The Marathon Crash Race is officially canceled.
But the "fun ride" is on.
"The city really, really, really, really wanted me to get a permit," said Don Ward, organizer of the bicycling group Wolfpack Hustle and the annual Marathon Crash Race. "So they worked really hard to get a permit — and as of Friday night, 8 p.m., they got me a permit."
Ward credited officials from the Los Angeles Police Department, the city attorney's office and the mayor's office as key players in helping to obtain a permit to make Sunday's ride a reality. Ward announced the cancellation of the popular predawn race along the L.A. Marathon route last week because of a lack of proper permits. He has said that the group had never before been required to obtain a permit for the race.
Yusef Robb, spokesman for Mayor Eric Garcetti, confirmed that the City of Los Angeles Bureau of Street Services had issued the new permit. He declined further comment.
Participants in Sunday's fun ride will still be able to trace the marathon's 26.2-mile route, which stretches from Dodger Stadium to Santa Monica, but there will be no racing competition this year, Ward said. The city permit allows for riders to go 10 to 15 mph, he said.
The Marathon Crash Race has been an L.A. Marathon staple since 2009. Cyclists typically gather along Sunset Boulevard in Silver Lake, wait for road closures to take effect along the route and barrel toward the finish line in Santa Monica, wrapping up around 6 a.m. As many as 2,000 cyclists have participated in the past.
But Ward said he canceled this year's Crash Race after the Bureau of Street Services sent a cease-and-desist letter that threatened fines and up to a year in county jail if the event was held without proper permits. The bureau expressed public safety concerns.
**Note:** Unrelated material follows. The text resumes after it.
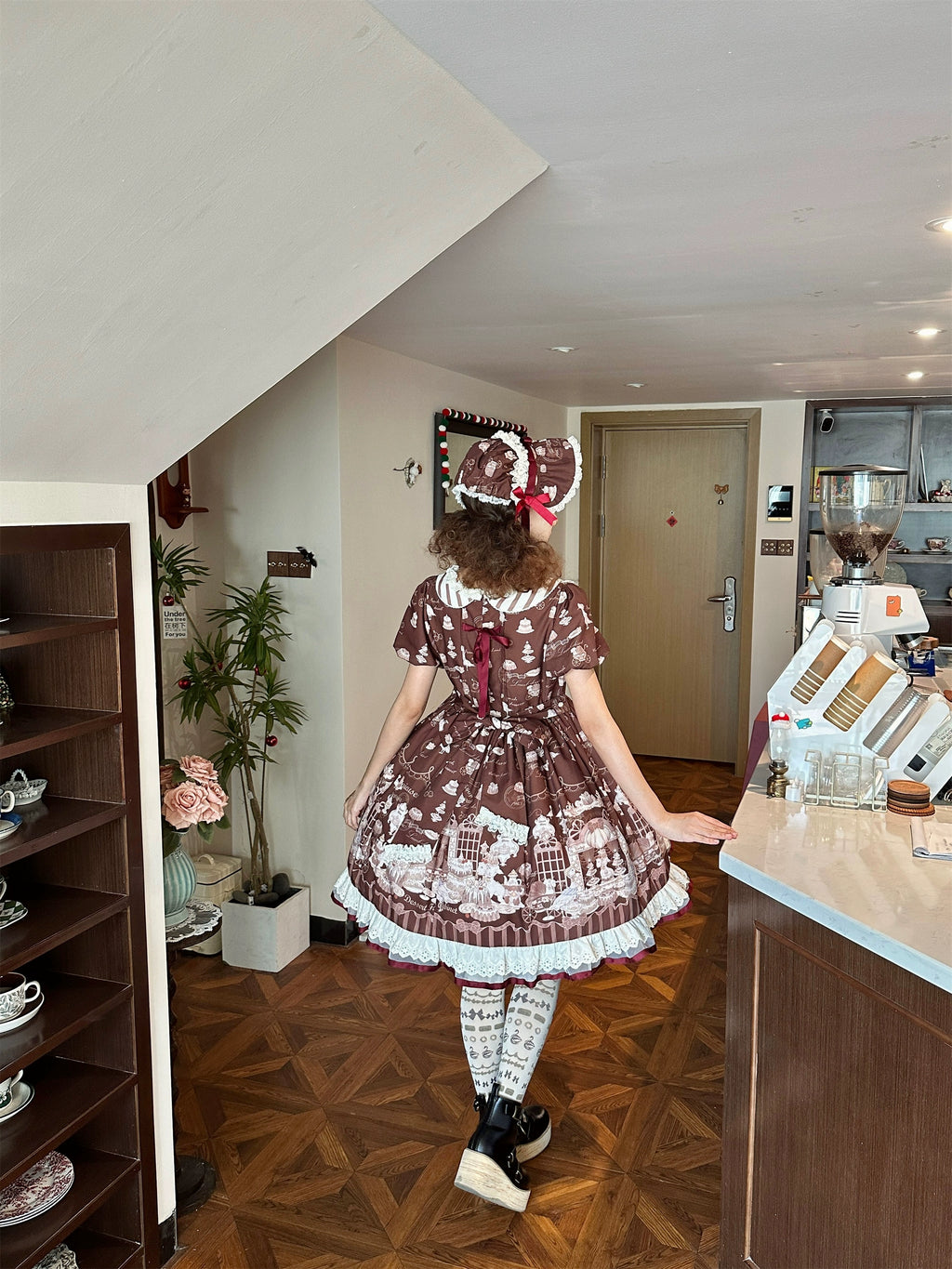 [Pre-orders available until 10/28] Antique Dessert Room Short Sleeve Dress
"To threaten criminal prosecution 5 days prior to the event taking place comes as a shock and disappointment," the announcement on Wolfpack Hustle's Facebook page said. "The city is now demanding permits and payments where it has never done so in the past."
Despite lacking a permit, organizers had developed good working relationships with the city and the LAPD, Ward said. Squad cars in recent years have driven the route with flashing lights to separate the cyclists from car traffic.
Even after Ward canceled this year's event, many cyclists insisted they would be taking to the streets anyway. Without a central organizer for the race, the city was faced with potentially hundreds of riders on the street without volunteers to help man intersections as in previous years, he said.
"The city realized … 'How do we get a permit and get Don back and involved and try to tame this thing?' " Ward said.